→ Task brief: Copy the data below exactly. Any pictures in it should be omitted.

[Available data — start]

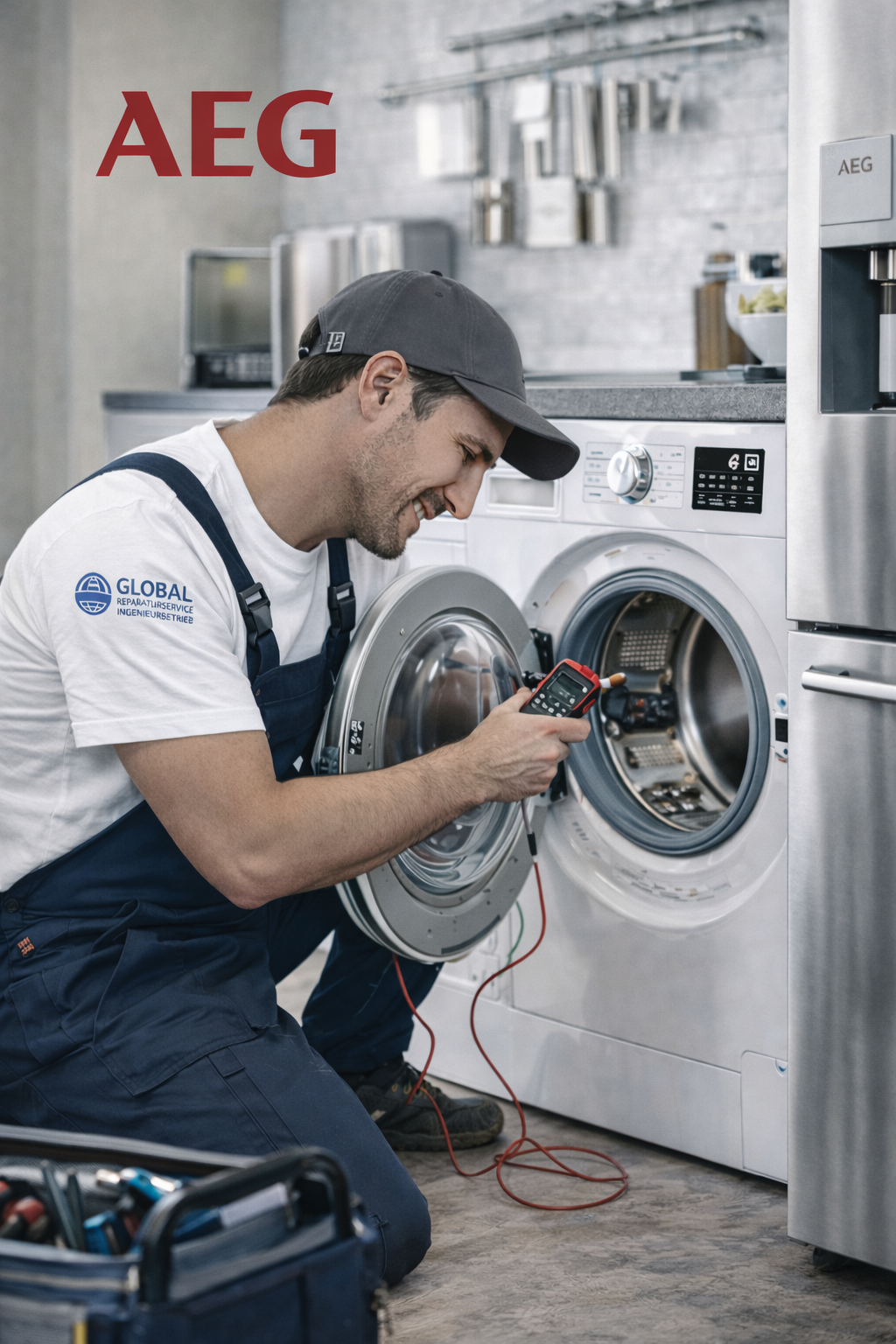 AEG-Reparatur-Berlin-Brandenburg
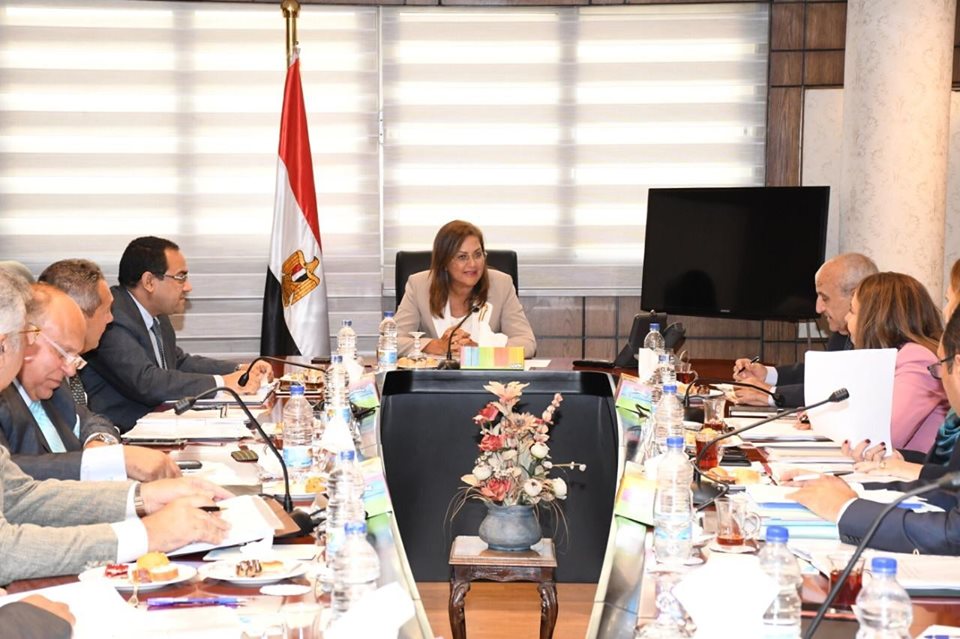 التخطيط :400 مليون جنيه حجم ميزانية تدريب العنصر البشرى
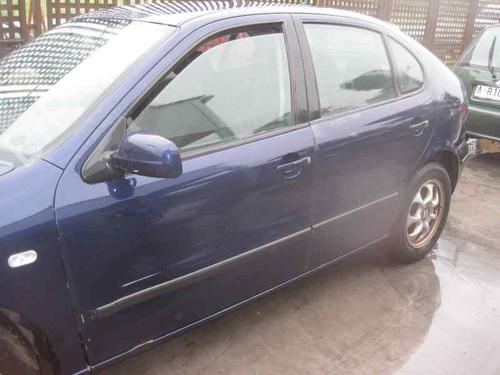 Right front window motor SEAT LEON (1M1) 1.9 TDI | BP2369788E20 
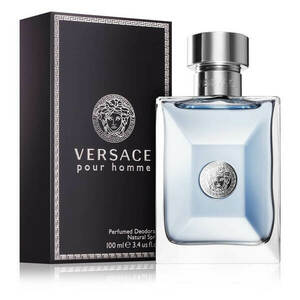 Versace Pour Homme - deodorant spray 100 ml obraz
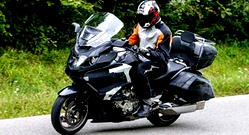 Nigerian female bikers to storm five African countries by road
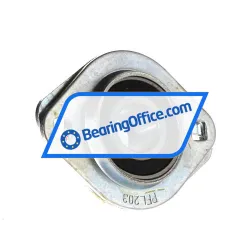 FK SBPFL203 rulman resim 2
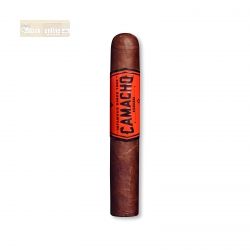 Camacho Nicaragua - Robusto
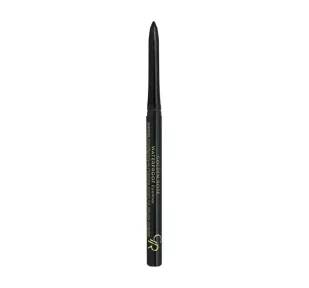 Golden Rose Automatyczna kredka do oczu - Waterproof Eyeliner Automatyczna kredka do oczu - Waterproof Eyeliner - Eyelinery - miniaturka - grafika 3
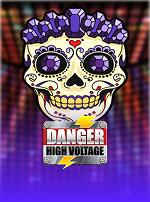 Danger! High Voltage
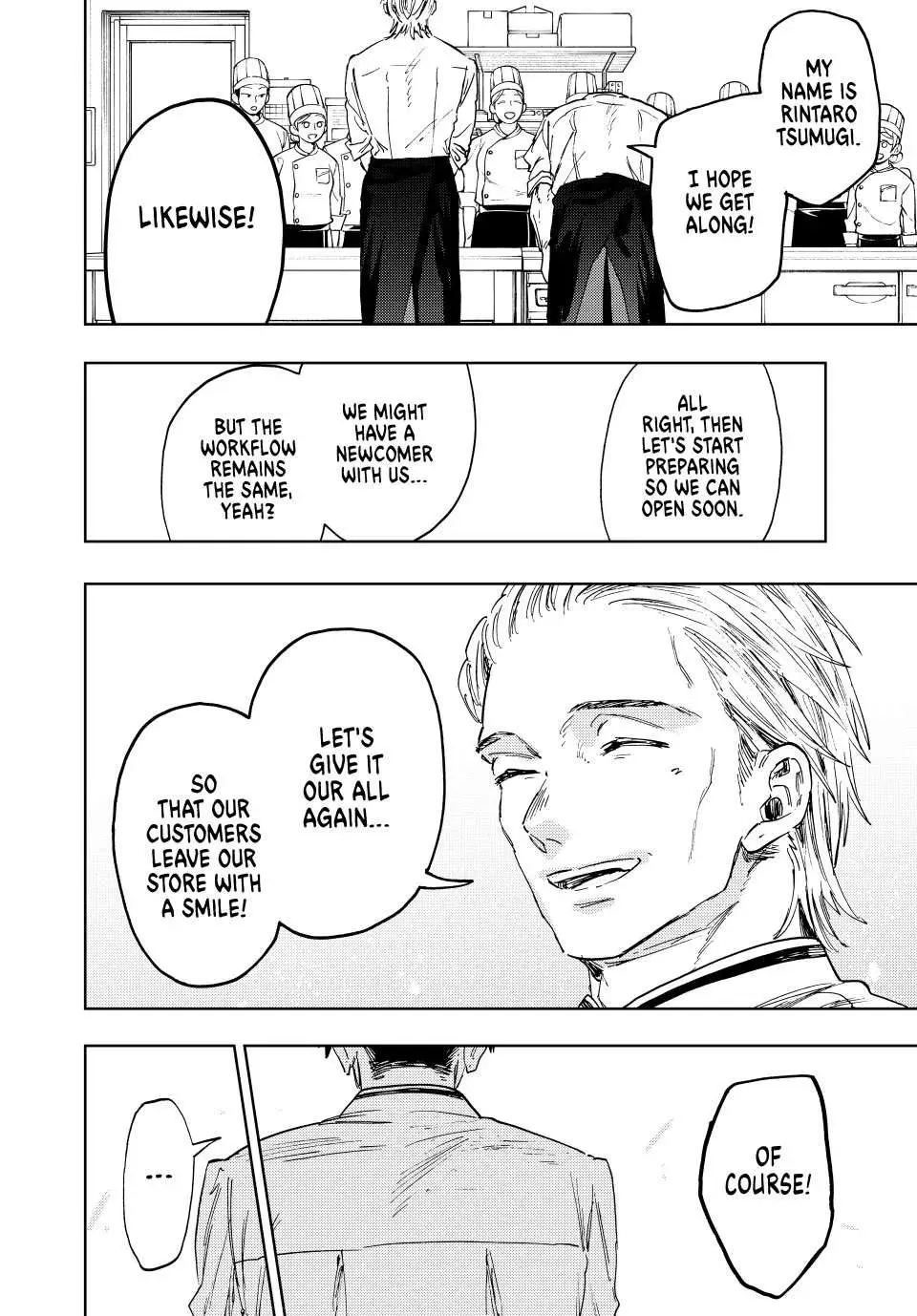 The Fragrant Flower Blooms with Dignity - Chapter 150 - Page 18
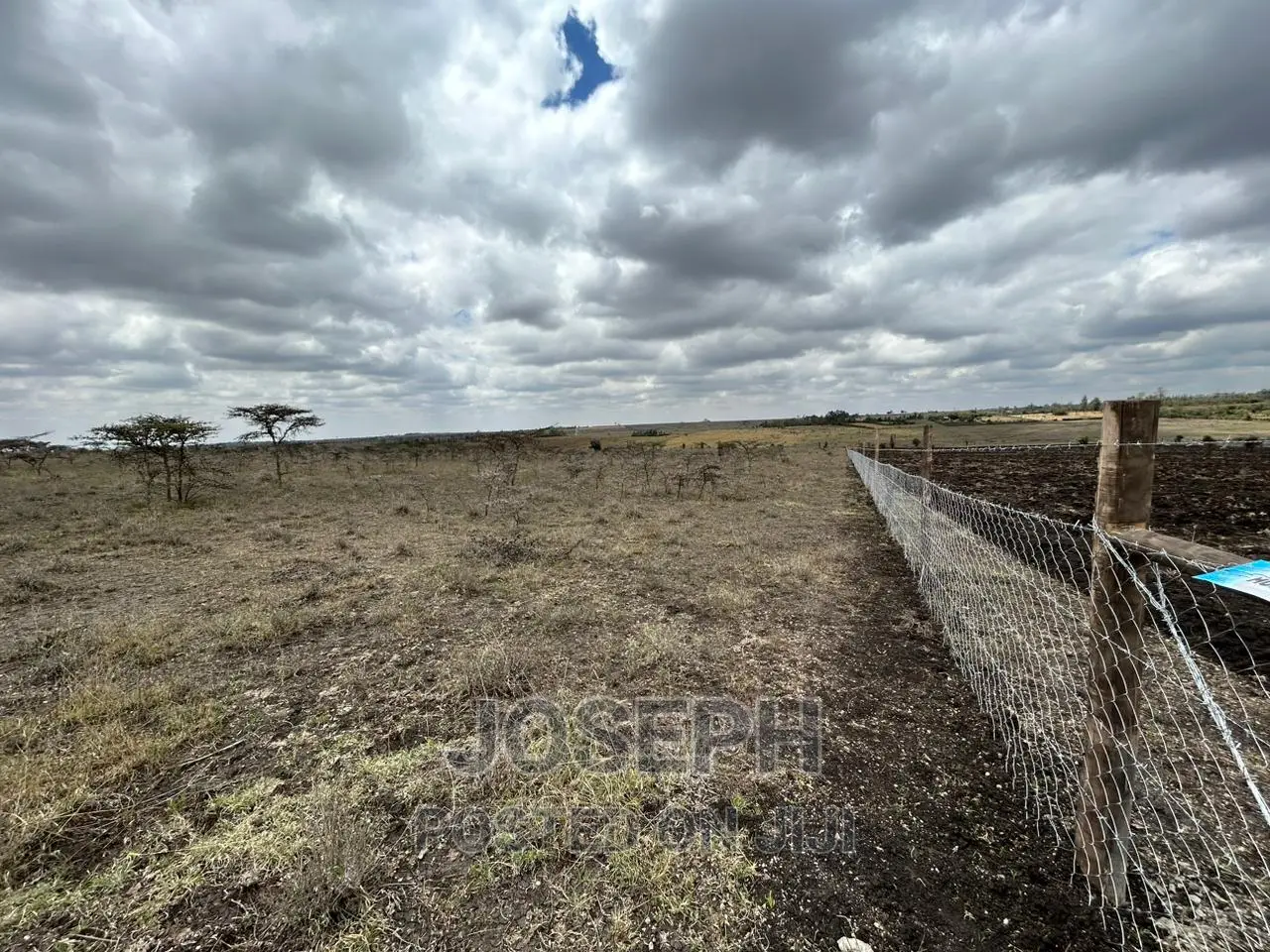 Kiserian Olooloitikosh 8.9acres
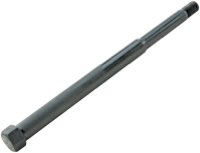 Cannonball Axle for Springer Forks 17 mm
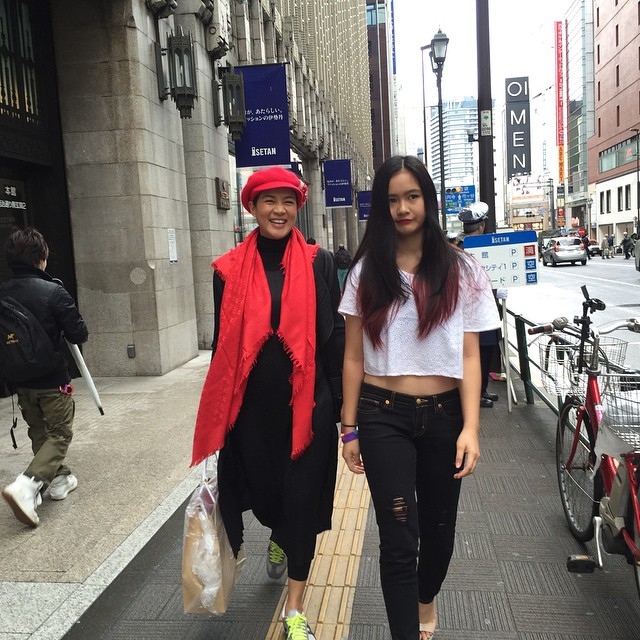 น้องเหนือ ดิสรยา 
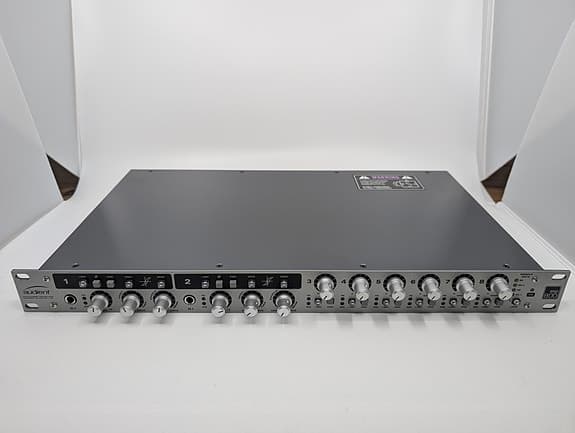 Audient ASP800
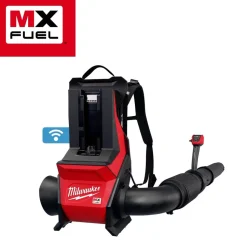 Milwaukee Tools MX FUELâ„¢ Backpack Blower MXF600-0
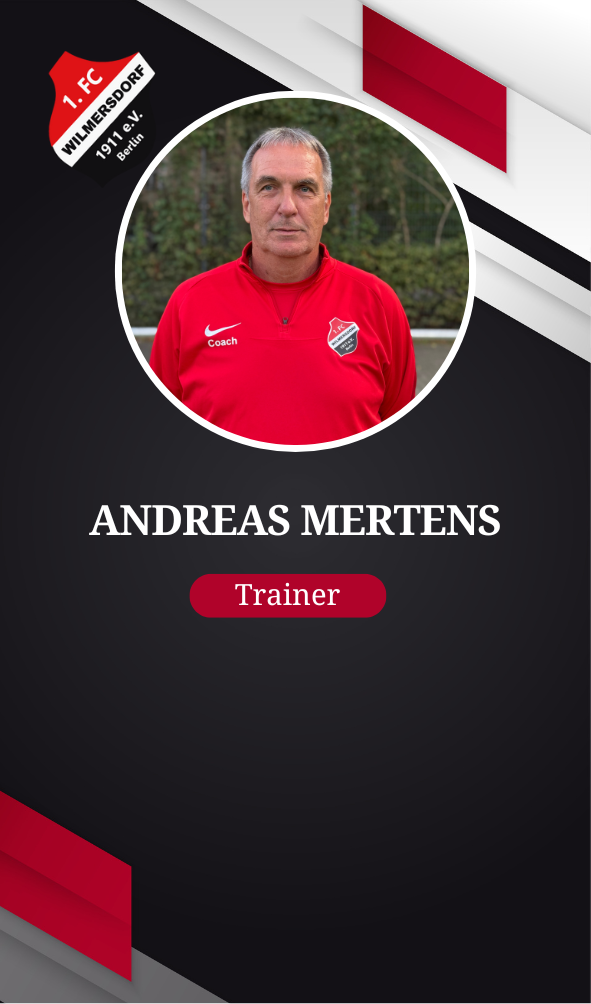 andreas mertens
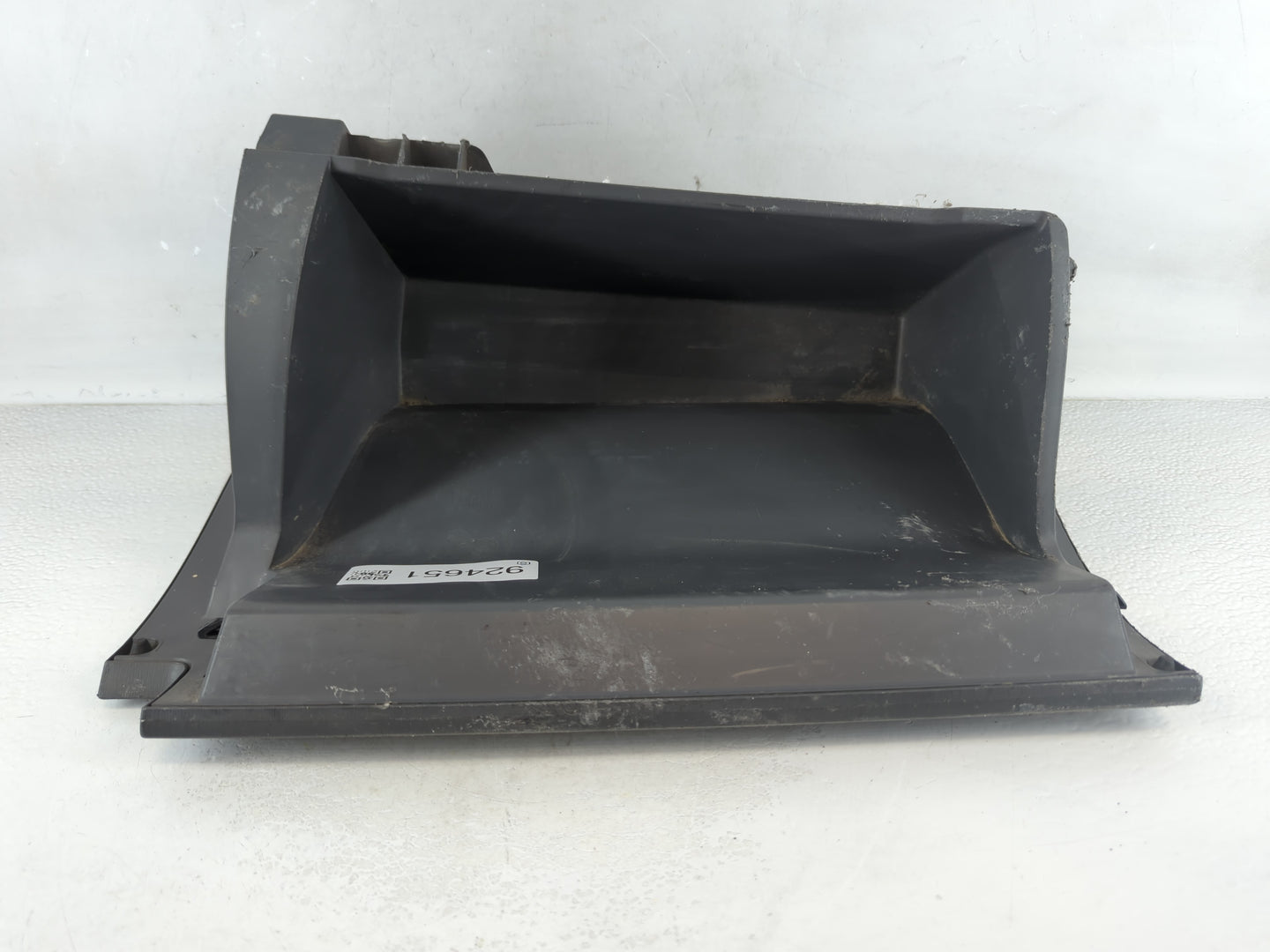 2010 Toyota Prius Passenger Glove Box Door Storage Compartment - Oemusedautoparts1.com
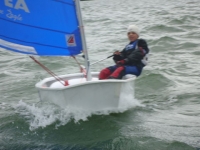 NBŻ Giżycko 2011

[Available data — finish]

→ Response for this exercise:
 AEG-Reparatur-Berlin-Brandenburg
 التخطيط :400 مليون جنيه حجم ميزانية تدريب العنصر البشرى
 Right front window motor SEAT LEON (1M1) 1.9 TDI | BP2369788E20 
 Versace Pour Homme - deodorant spray 100 ml obraz
 Nigerian female bikers to storm five African countries by road
 FK SBPFL203 rulman resim 2
 Camacho Nicaragua - Robusto
 Golden Rose Automatyczna kredka do oczu - Waterproof Eyeliner Automatyczna kredka do oczu - Waterproof Eyeliner - Eyelinery - miniaturka - grafika 3
 Danger! High Voltage
 The Fragrant Flower Blooms with Dignity - Chapter 150 - Page 18
 Kiserian Olooloitikosh 8.9acres
 Cannonball Axle for Springer Forks 17 mm
 น้องเหนือ ดิสรยา 
 Audient ASP800
 Milwaukee Tools MX FUELâ„¢ Backpack Blower MXF600-0
 andreas mertens
 2010 Toyota Prius Passenger Glove Box Door Storage Compartment - Oemusedautoparts1.com
 NBŻ Giżycko 2011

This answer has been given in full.